Silent Nights (30 min)
Silent Nights is the only real misfire amongst this year’s nominees. Aske Bang’s tale of a homeless Ghanaian immigrant and the shelter volunteer that falls in love with him certainly has lofty aspirations. Its central topic is as timely as it comes. And Bang clearly wants to play in the gritty, blue-collar neorealist waters that The Dardenne’s have mastered in recent years. While much of Silent Nights has the look and feel of a Dardenne film, Bang makes the fatal mistake of over plotting his story. Silent Nights feels like it’s packed a full two hours worth of story into its 30-minute runtime. Every plot turn is trite and predictable. The characters are boring and cliche (though Malene Beltoft Olsen brings a welcome depth to Inger). The dialogue is steely and melodramatic. Through it all, Silent Nights unintentionally bolsters the racist, anti-immigrant sentiment it clearly wants to repudiate. And I’m not quite sure the filmmakers realize that.
Mindenki (25 min)
Sing tells the story of a girl names Zsófi (Dorka Gáspárfalvi) who tries to make friends at her new school by joining its award winning choir. Zsofi loves to sing. But she soon finds that there’s a unsettling secret to the choir’s success. And that the manipulative choir teacher Miss Erika (Zsófia Szamosi) will go to great lengths to keep that secret – and her choir – in check. But Zsófi and her new friends are not ok with the status quo. They believe that every voice deserves to be heard and they come up with a clever plot to expose Miss Erika for the bully that she is. Sing is a lovely little film with solid performances (especially from the kids). Kristóf Deák guides the action with a clear voice and a powerful message. Its moral of standing up to bullies no matter the stakes could not be more prescient. Sadly, it never quite lives up to its potential. And its heady moral ends up in schmalzy, overly sentimental territory. Which is fine. I just wanted more.
Timecode (15 min)
La La Land isn’t the only Oscar nominee dancing into the ceremony this week. Juanjo Giménez Peña’s Timecode is a fun, quirky little dance flick wrapped up in a story about connection and communication. The film centers around Luna (Lali Ayguadé) and Diego (Nocholas Ricchini), co-workers at a parking garage somewhere in Spain.

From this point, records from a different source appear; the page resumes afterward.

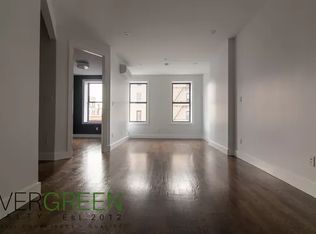667 Knickerbocker Ave APT 2B, Brooklyn, NY 11221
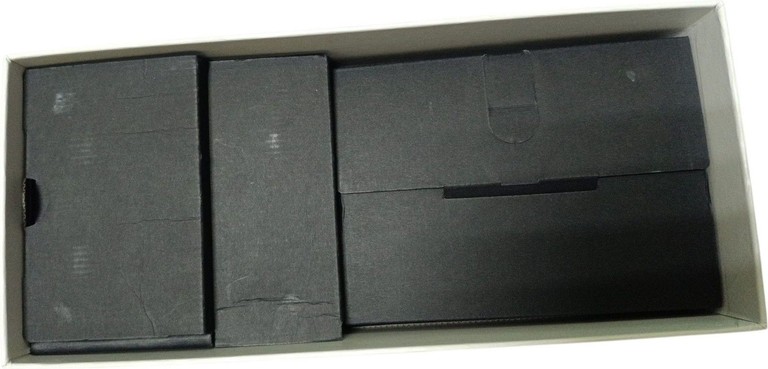 Оголошення Asus rog ally 2023 512 gb Б/У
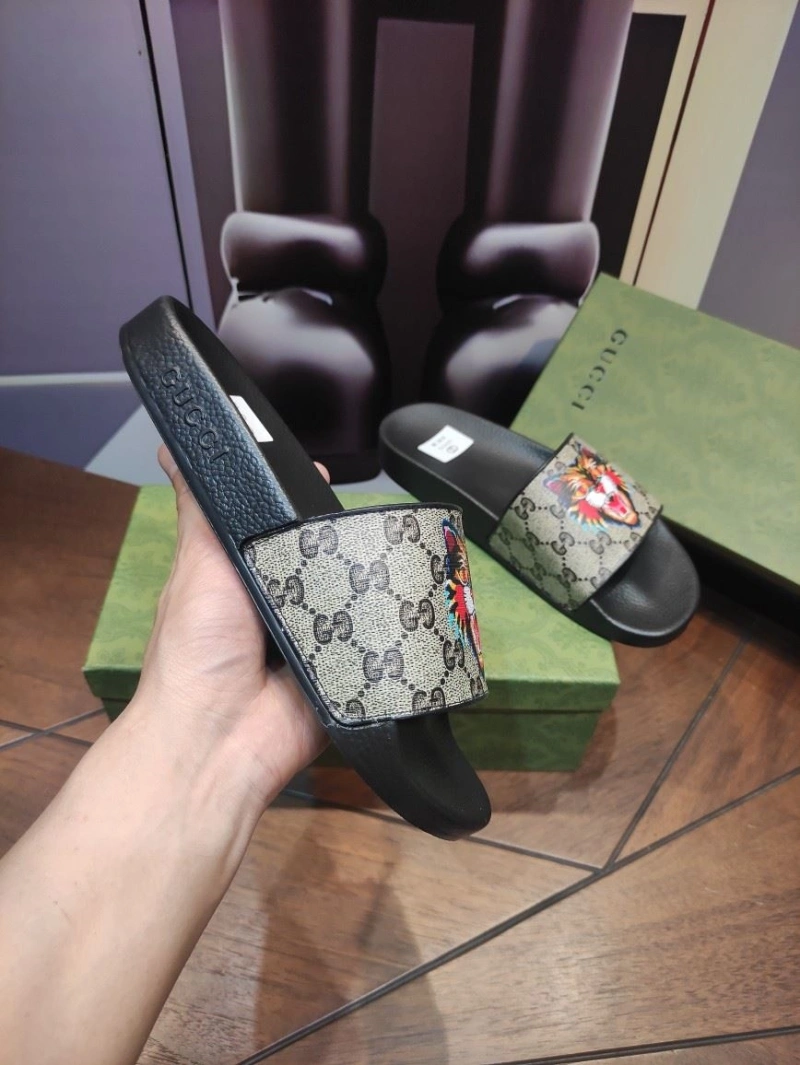Gxccx Slippers Modern 164631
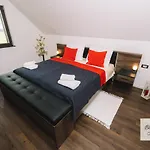 Paradise Apartment *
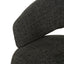 CLC12440-CI Lounge Chair - Kaitoke Green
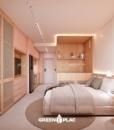 GPC_Imagem_Amb_7_ff2d638c-8caa-4854-a8d3-3115ad92f861
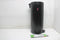 Brabantia NewIcon - Prullenbak - 30 liter - Matt Black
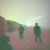 Artwork for Untitled 84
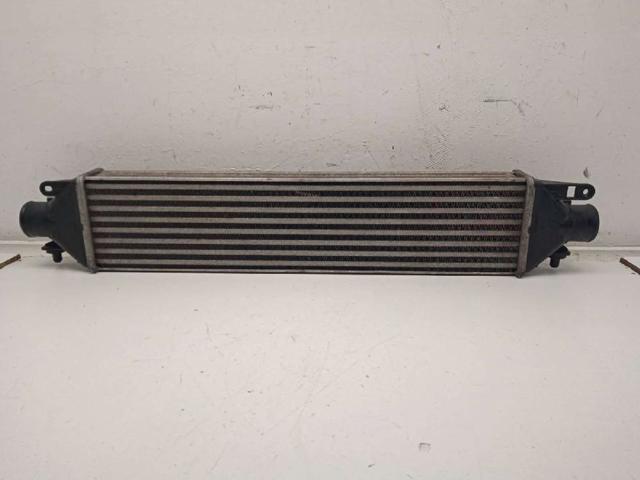 866455500 Fiat/Alfa/Lancia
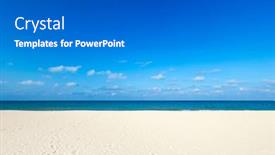  Presentation with sri lanka tourism - 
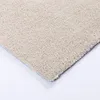 Steffensmeier Teppichboden Capri Meterware  | Auslegware Produktbild-Vorschau 3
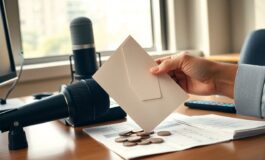 il caso cerno la breve striscia su rai le critiche e le accuse di omofobia online 1773367256 265x160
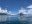 GUA_LakeAtitlan_BZR_staff (1) GUA_LakeAtitlan_BZR_staff (1)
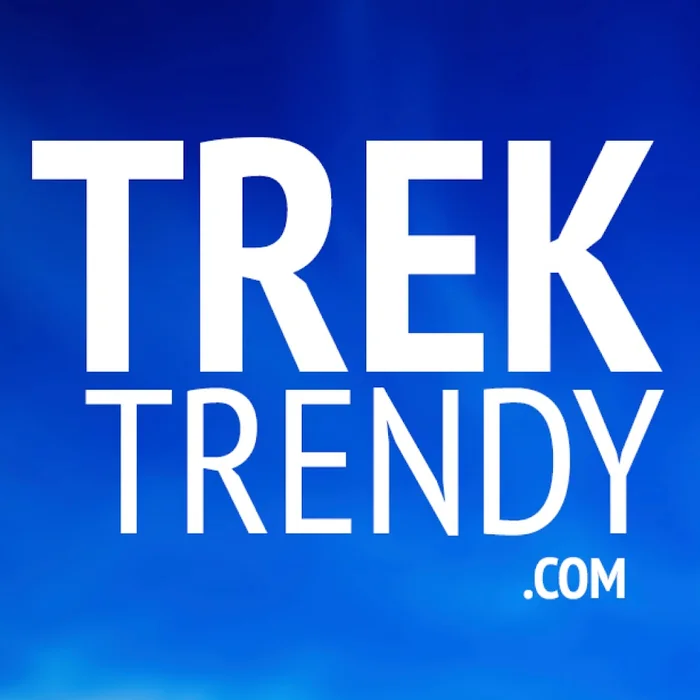 Trek Trendy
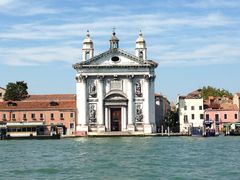 -圣马尔谷圣殿宗主教座堂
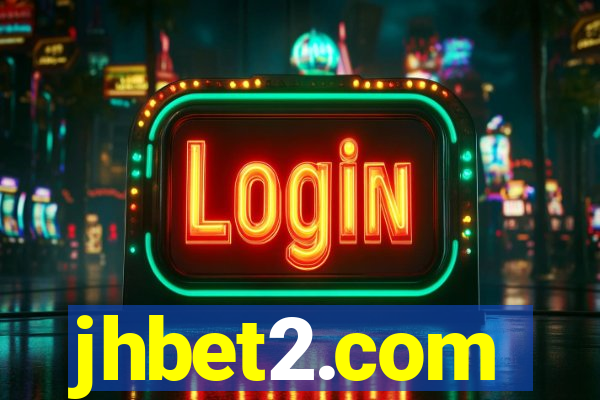 jhbet2.com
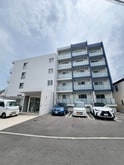 LIFEFIELD麦野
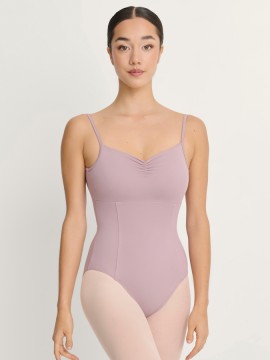 Body damskie z miseczkami Hollie 31738 Intermezzo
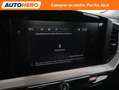 Opel Mokka electric drive 100 kW Edition Gris - thumbnail 22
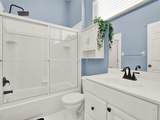 1516 Briercliff Drive - Photo 32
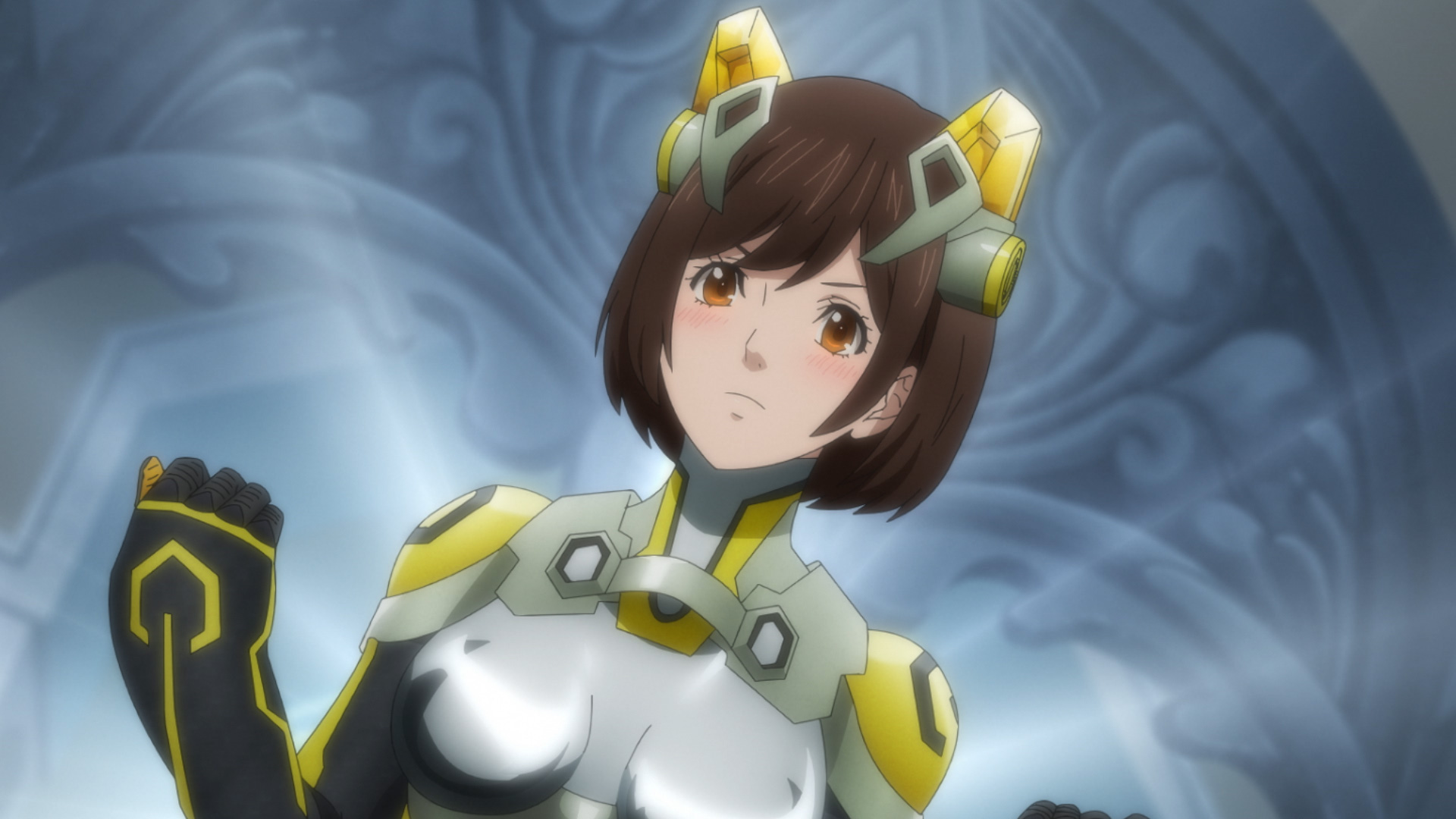 7630017531353-screesnhot-18 image number 12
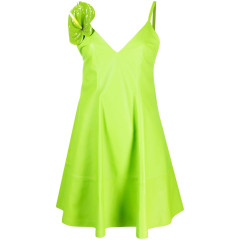 [Loewe] Sleeveless dress SS23 S540Y53L324670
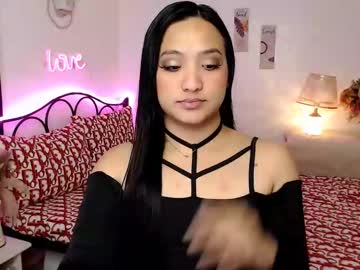 slave_amanda69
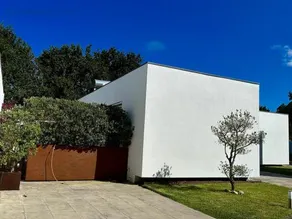 Fijogo Villa - Seixas - Image 3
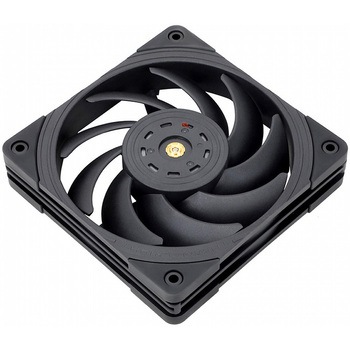 120mmケースファン Thermalright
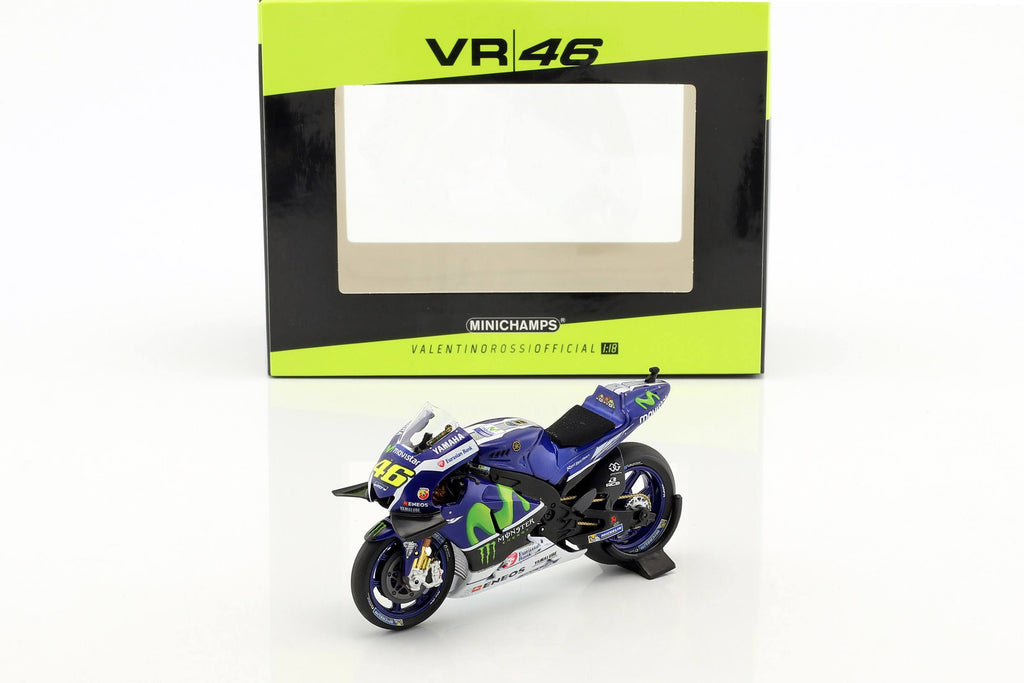 MotoGP 2016 Winner Catalunya GP L76313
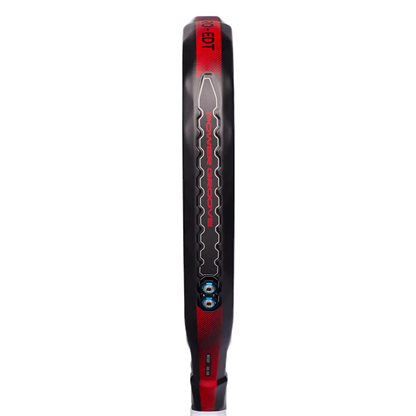 Adidas Padel Racket Metalbone Pro EDT 2026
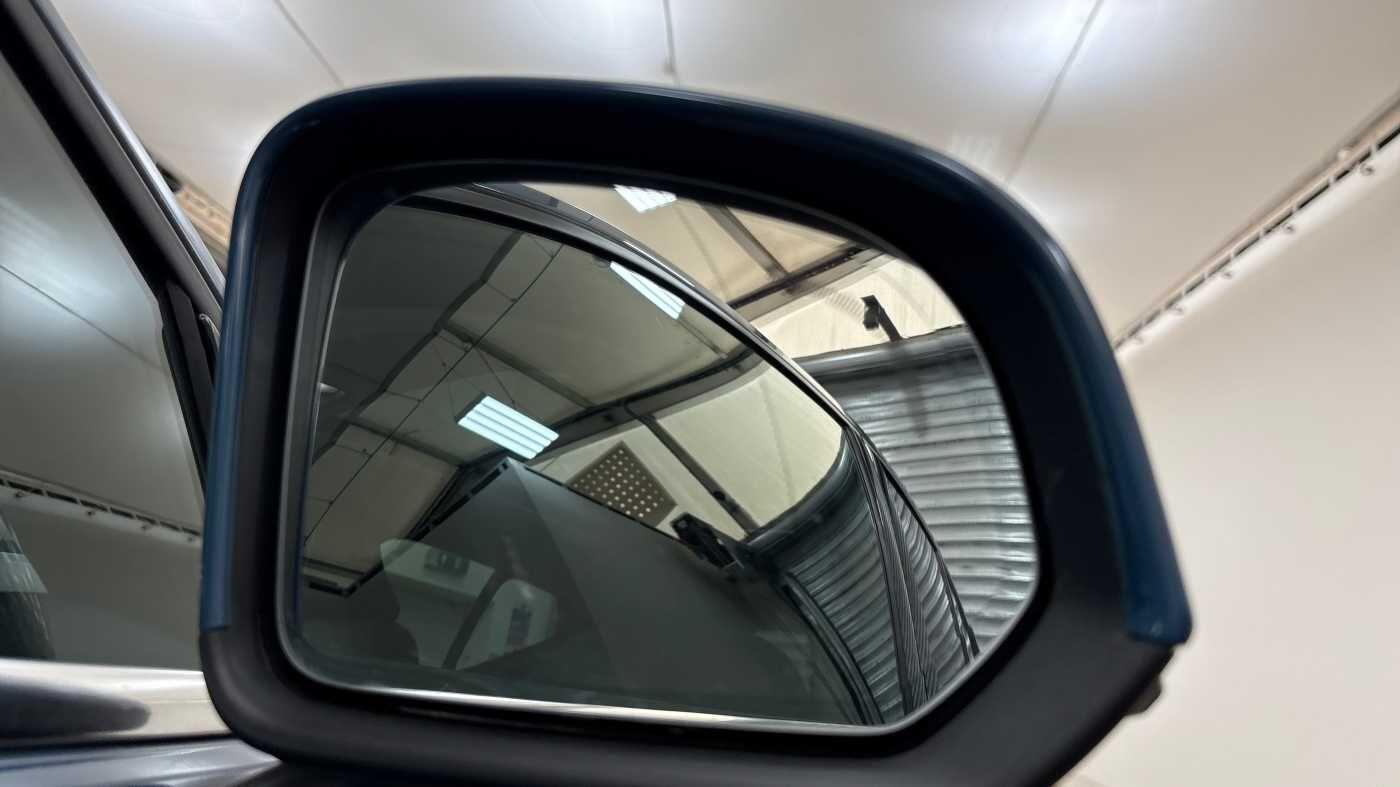 Used Volvo XC40 2024 for sale - 76825048: Photo 22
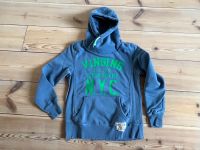 Sweatshirt Hoodie von Vingino Gr. 12 Jahre Gr. 152 Nordvorpommern - Landkreis - Marlow Vorschau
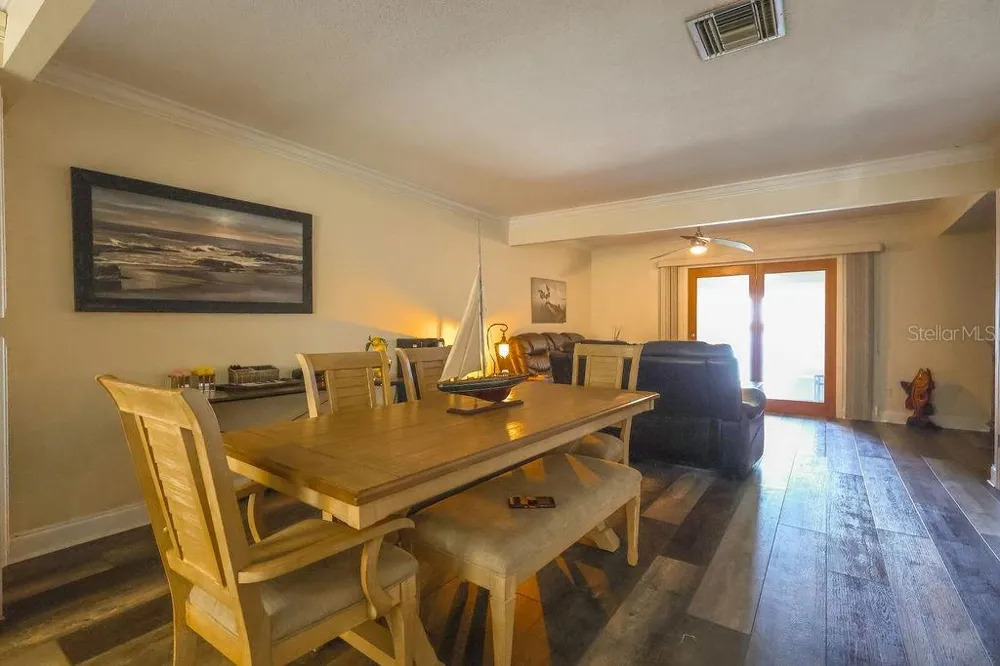 11001 SE SUNSET HARBOR ROAD #B10 Summerfield, FL 34491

The work is boring and lonely and the pair barely speak as they pass off shifts to one another. That changes when Luna catches Diego working on dance moves through one of the garages surveillance cameras. She responds in an unexpected way, and the pair set off on a relationship spoken only through dance. Timecode is fun and flirtatious and executed in such an unassuming manner that you can’t help but fall for its charms. Plus, it’s the only film on this list that never gives itself over to blind pathos. Even if Timecode doesn’t quite do enough with its premise, it always knows what it is. It never overshoots. And that’s got to count for something.